March 24, 2017, ©. Leeham Co: After covering the maintenance market for single-aisle engines, time has come for the engines used on wide-body aircraft. The engine maintenance for a wide-body engine is a bit different to the single-aisle engine. The difference is caused by the longer flight times for the wide-bodies. This makes the flight time wear a more dominant maintenance driver than it is for the single-aisle engines.
The changes in overhaul work caused by the difference in flight profiles and the lower number of engines in the market (compared to the single aisles) will affect how the overhaul market is structured and who are the dominant players.
To understand the wide-body engine overhaul market, we need to understand what engines are in use and how that changes over the years. Once again, we got help from Alistair Forbes, Services Research Manager at Rolls-Royce, with the statistics.
The use data is from the OAG (Official Airline Guide) database.

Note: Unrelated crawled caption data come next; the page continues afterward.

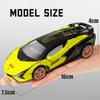 1:32 масштаба Lambo Sian, модель автомобиля из сплава, со световыми и звуковыми эффектами, литые под давлением игрушки для мальчиков, подарок на день рождения, детские игрушки, коллекция автомобилей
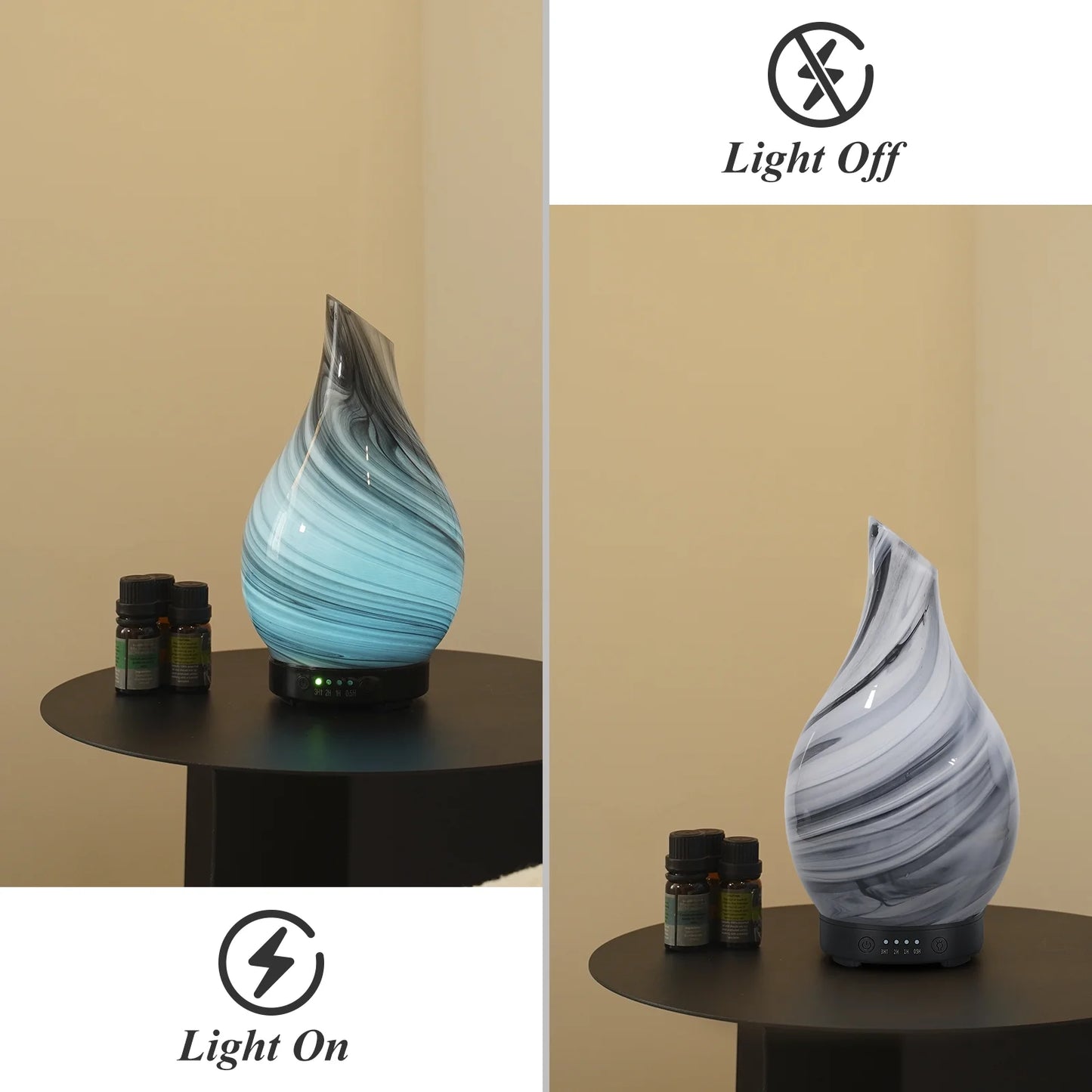 Essential Oil Diffuser 120Ml Ultrasonic Aromatherapy Diffuser with Handmade Glass BPA Free Waterless Auto-Off, 4 Timer Setting 7 Colors Changed LED for Home Yoga Office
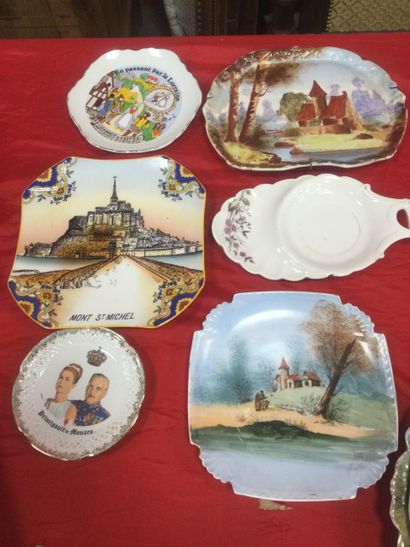 null lot 6 dishes and decorated plates ( Monaco , Mont St Michel, Lorraine ...)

OAG only captures scheduled flights. It means charter and freight flights are not part of the diagrams. The loss of freighter engines in the charts will not change trends or relationships between the engines.
The first graph (Figure 2) shows the Engine Flight Hour (EFH) statistics for GE Aviation, the dominant wide-body engine supplier.
GE overtook Pratt & Whitney as the dominant wide-body engine supplier with the successful CF6-80C. It gradually became most-used engine on Boeing’s 747-200 and -400, with further applications on Boeing 767, MD-11, Airbus A300 and A310. The engine is now in its sunset period.
GE’s presently most successful engine is the GE90-115 followed by GEnx. Both engines are on a positive trend for flight hours, an important fact for the engine overhaul market.
An artifact is the CFM56-5C, which is the engine for the Airbus A340-300. CFM is owned to 50% by GE and to avoid a separate diagram for this engine, it’s included under the GE heading.
Figure 3 shows the Engine Flight Hour (EFH) statistics for Pratt & Whitney (PW) wide-body engines.
The PW4000 in its 94-inch fan variant was the last successful wide-body engine from PW. It found applications on the same aircraft as the GE CF6-80C. The 100-inch variant is used on the A330 and the 112-inch on the Boeing 777-200/-200ER aircraft.
GP7000 is a joint venture with GE for the Airbus A380 with Emirates Airline as dominant user.
Rolls-Royce is the engine supplier that has taken over from Pratt & Whitney in the wide-body market, Figure 4.
If one adds the EFH for Pratt & Whitney and Rolls-Royce for the past several years, one comes almost exactly on the number for GE’s engines. GE and PW/Rolls-Royce is dividing the market with PW trending down and Rolls-Royce up.
The successful engine is presently the Trent 700 used on the Airbus A330. It enjoys the dominant market share on this aircraft. Future growth engines will be Trent 1000 on Boeing 787 and Trent XWB on Airbus A350.
One could combine the use numbers for the Trent 1000 and Trent 7000 for the A330neo. It’s the same engine with only minor changes to fit a customer bleed requiring A330neo.
The RB211, Trent 500 and 800 are all sunset engines.
With the above use statistics we will calculate the shop visit data for the different engines and analyze how that affects the market for wide-body engine overhauls in the next Corner.